*ENTRIES PROVIDED*.
################

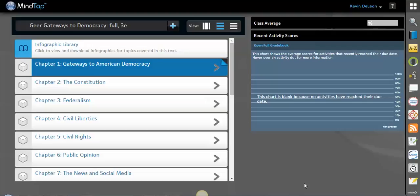Hi everyone, this is Kevin DeLeon, your learning consultant for Cengage Learning. I wanted to do a video on things that you can do with the ebook and how you can customize it. So here's a really short video for you on that.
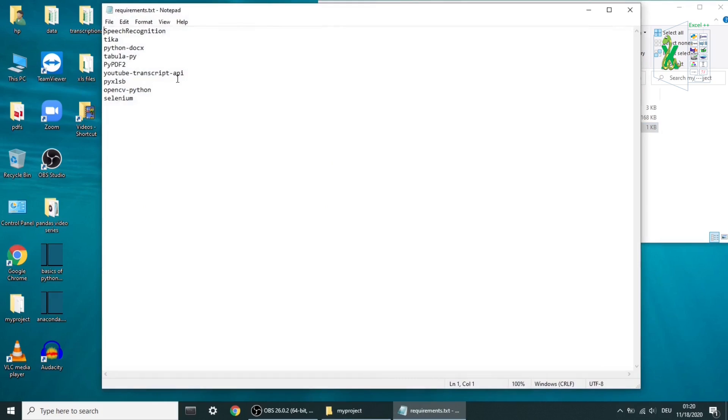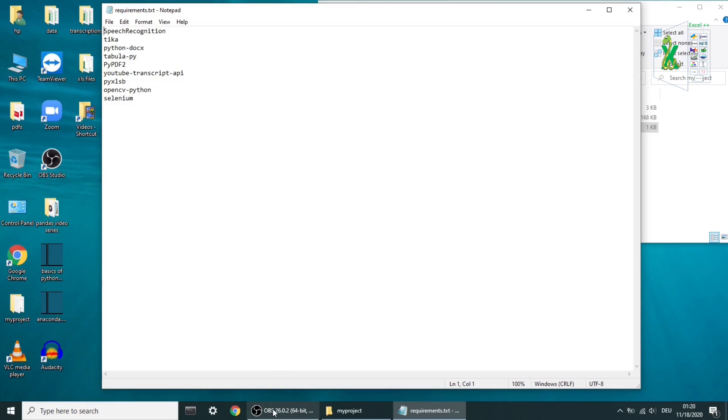As you can see, this list of Python libraries is not included in Anaconda distribution, so I had to download it in order to use it.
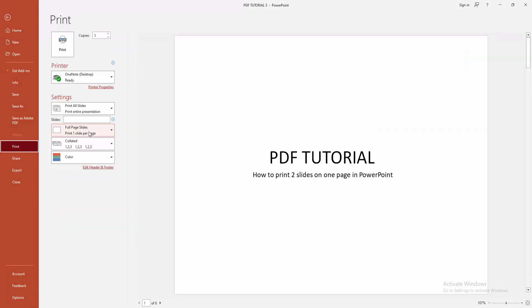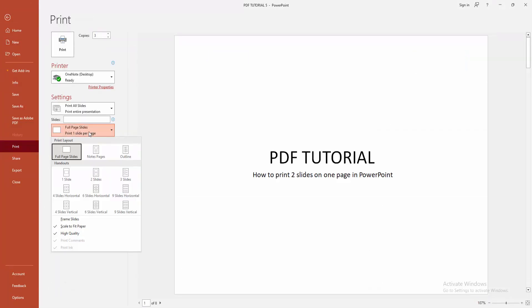Now I'm clicking the full page slide drop-down menu. We can see here many options. Now you can add two slides or three slides for horizontal or vertical.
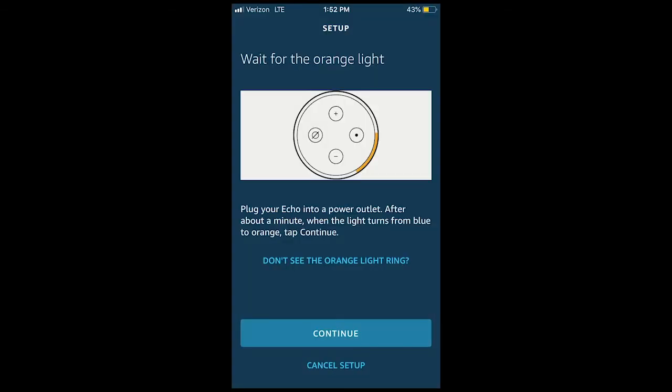You will then be asked to wait for the lights on your device to change. Once the light on your Echo changes from blue to orange, select Continue.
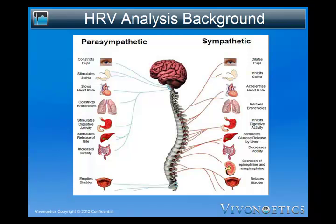Heart rate variability analysis allows for a non-invasive study of mental and physical health states that influence the autonomic nervous system, by observing the effect the ANS has on the beat-to-beat heart rhythm. These irregular moment-to-moment variations in heart rate provide a wealth of information about the underlying autonomic function and balance. Heart rate variability is thus a way to quantify and summarize these naturally occurring beat-to-beat changes in the heart rate.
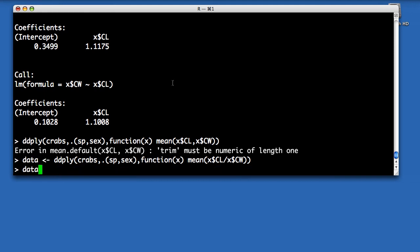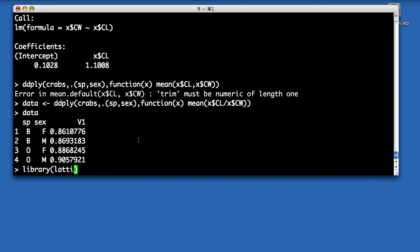And so that now returns a data frame to me. So again, it's each combination of species and sex, and I've got the ratio of claw length to claw width. That was relatively easy to aggregate all of that data frame down into this mean value for each combination of species and sex. So I can just plot that out now.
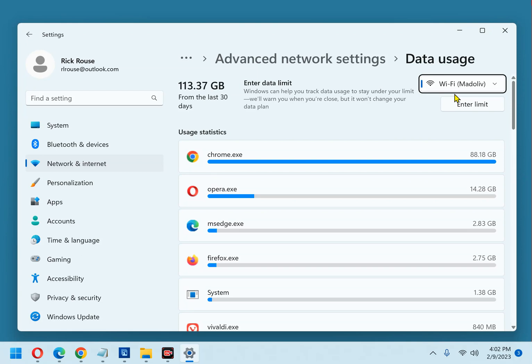You'll notice that they're listed in the order of their app data usage with the app that used the most data listed at the top. In the case of my PC, you'll see that Chrome has used a lot more data than the second place app.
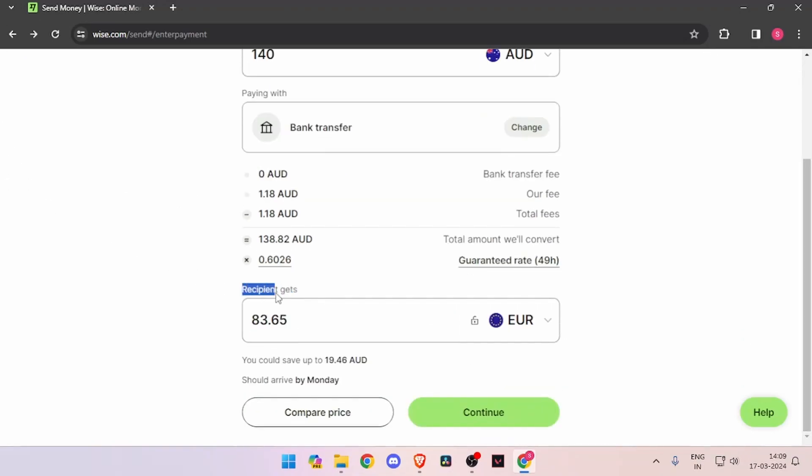Then you have to change the currency of recipient to Euro. Now you have to click on continue.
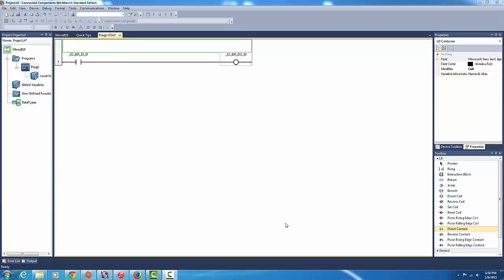Hi this is just Sparky over here. Okay so in this quick tutorial we're going to be learning how to use on delay timers, one of the most popular instruction blocks to use in PLC programming.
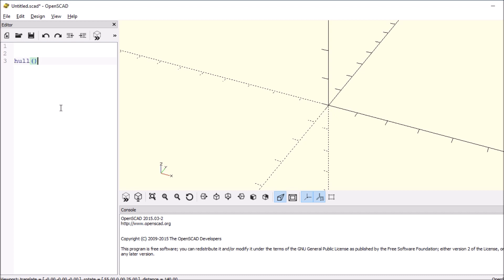Type Hull, open and close paren, open and close curly bracket, and then inside let's try doing translate.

################

Once the line with "And so that" is found, output it and every line after it through the end of the listing, exactly, without pictures.

And so that now returns a data frame to me. So again, it's each combination of species and sex, and I've got the ratio of claw length to claw width. That was relatively easy to aggregate all of that data frame down into this mean value for each combination of species and sex. So I can just plot that out now.
You'll notice that they're listed in the order of their app data usage with the app that used the most data listed at the top. In the case of my PC, you'll see that Chrome has used a lot more data than the second place app.
Then you have to change the currency of recipient to Euro. Now you have to click on continue.
Hi this is just Sparky over here. Okay so in this quick tutorial we're going to be learning how to use on delay timers, one of the most popular instruction blocks to use in PLC programming.
Type Hull, open and close paren, open and close curly bracket, and then inside let's try doing translate.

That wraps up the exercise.